-------- Given data --------
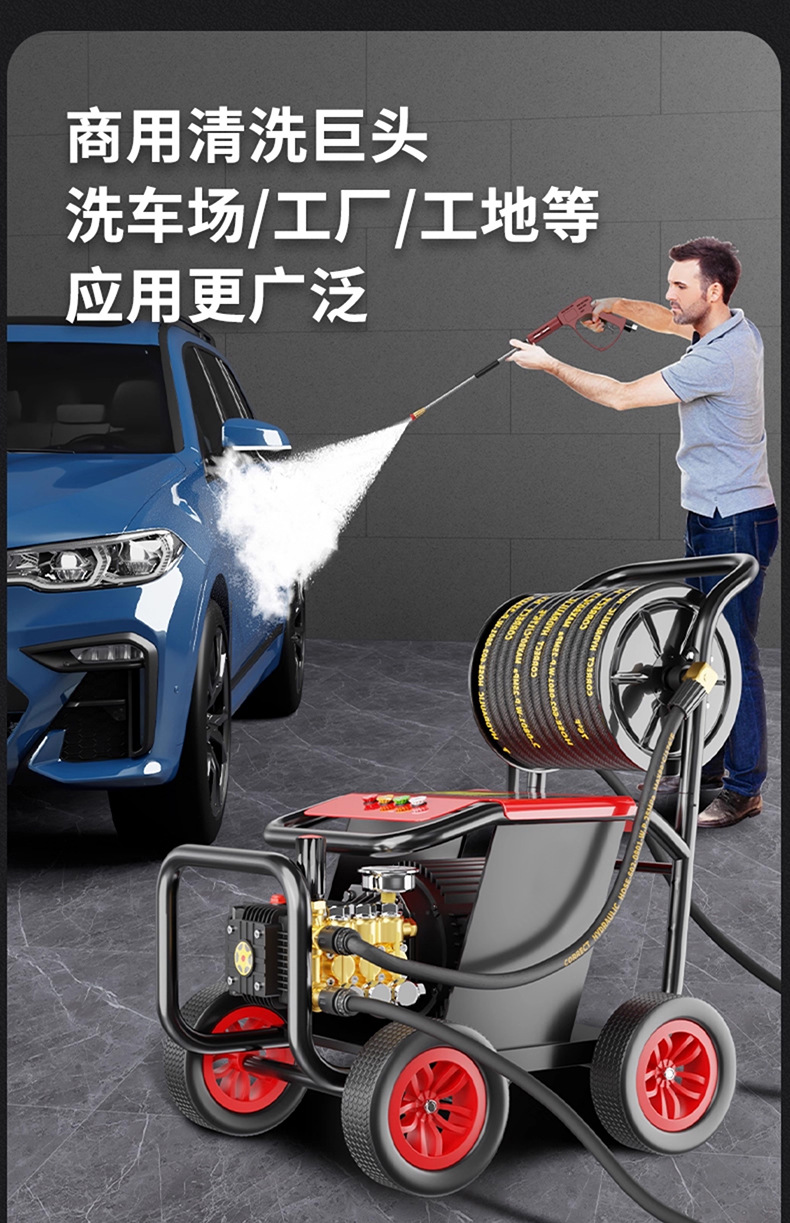 Black Cat Racing Variable Frequency Cleaning Machine 220V Commercial Car Wash Shop Car Wash High Pressure Water Gun Pump Super Supercharged Car Wash Machine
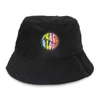 A black terry towelling bucket hat featuring a full-colour patch with a round design.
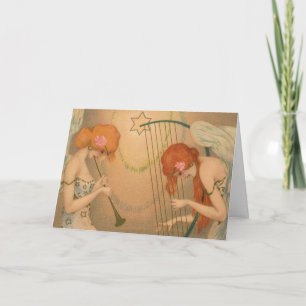 Angel Musicians Muziek Victoriaans Kerstmis Feestdagen Kaart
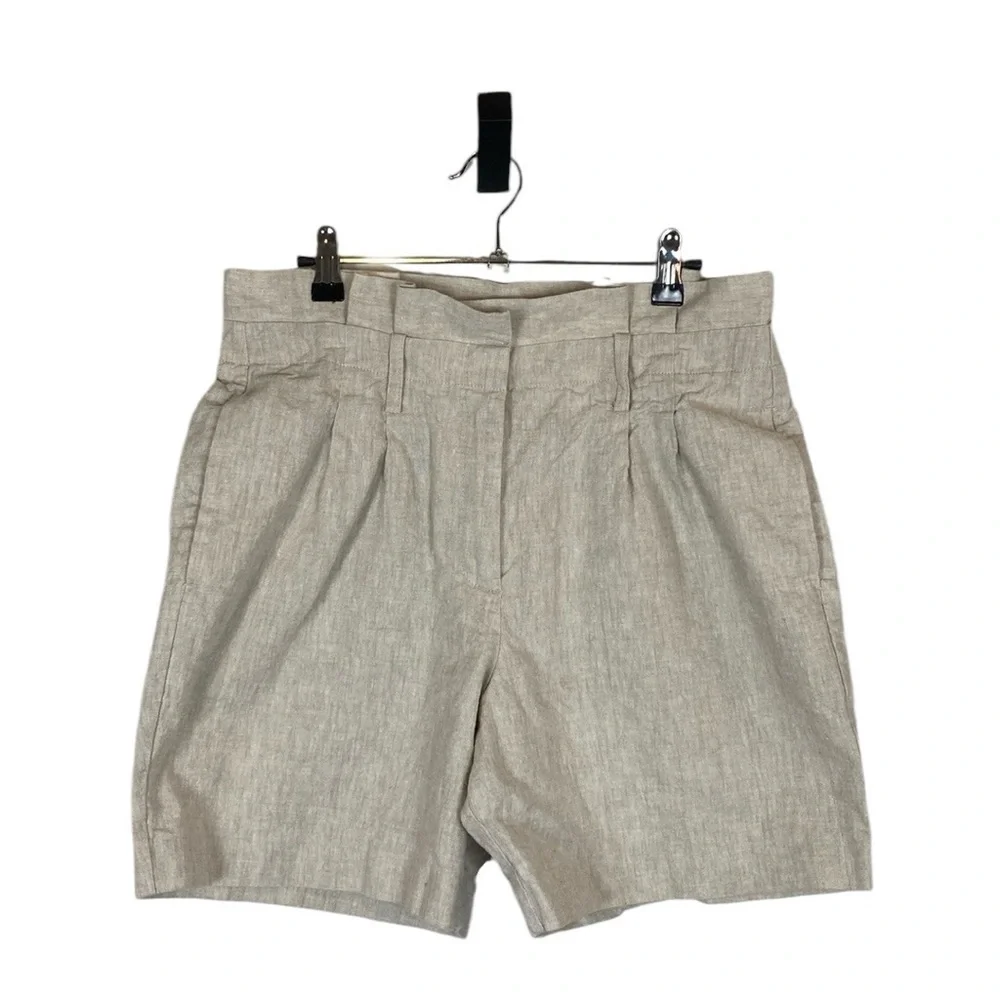 Boden neutral tan linen blend shorts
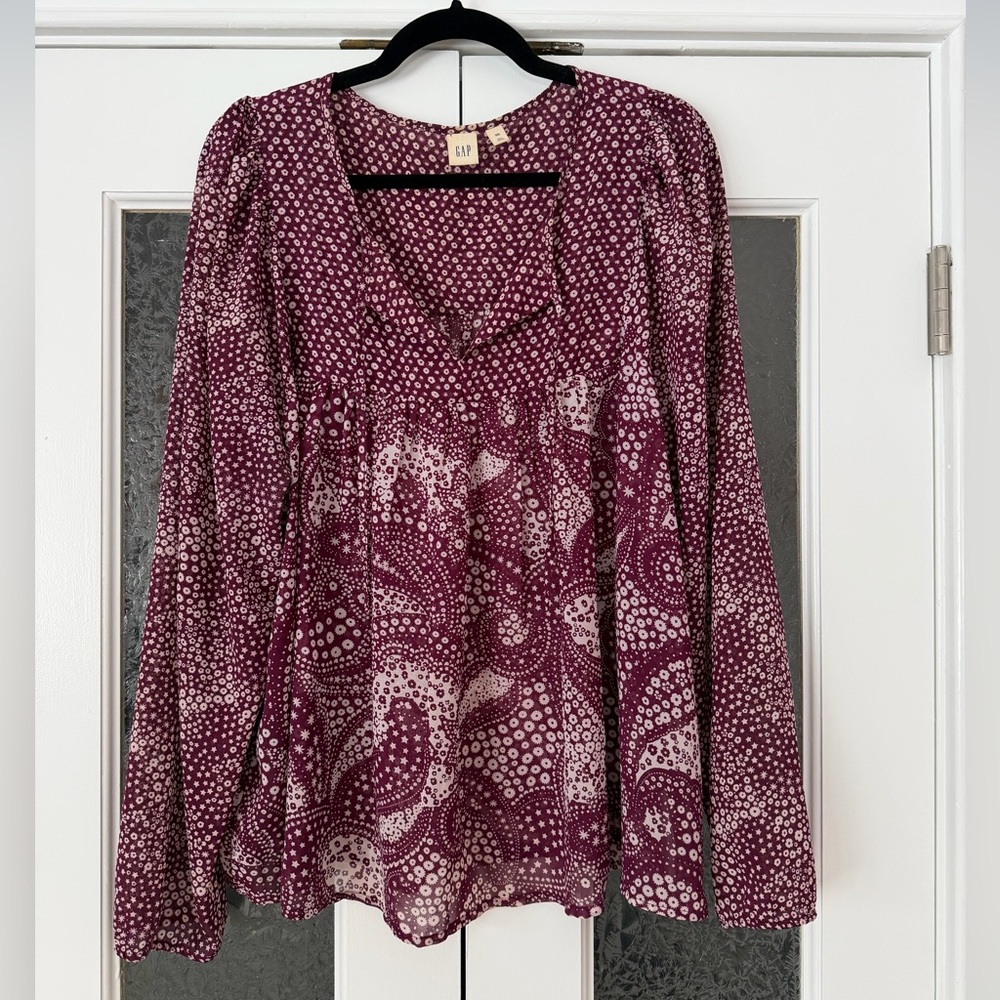 Flowy Printed Blouse with Ties
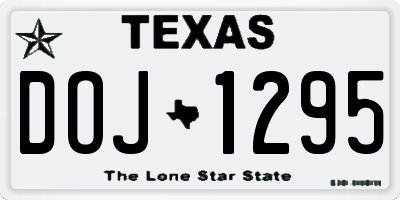 TX license plate DOJ1295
--------
» **Task description**
Only the pictures are left behind; write out everything else in the records exactly.

» **Answer to the exercise**
 Black Cat Racing Variable Frequency Cleaning Machine 220V Commercial Car Wash Shop Car Wash High Pressure Water Gun Pump Super Supercharged Car Wash Machine
 A black terry towelling bucket hat featuring a full-colour patch with a round design.
 Angel Musicians Muziek Victoriaans Kerstmis Feestdagen Kaart
 Boden neutral tan linen blend shorts
 Flowy Printed Blouse with Ties
 TX license plate DOJ1295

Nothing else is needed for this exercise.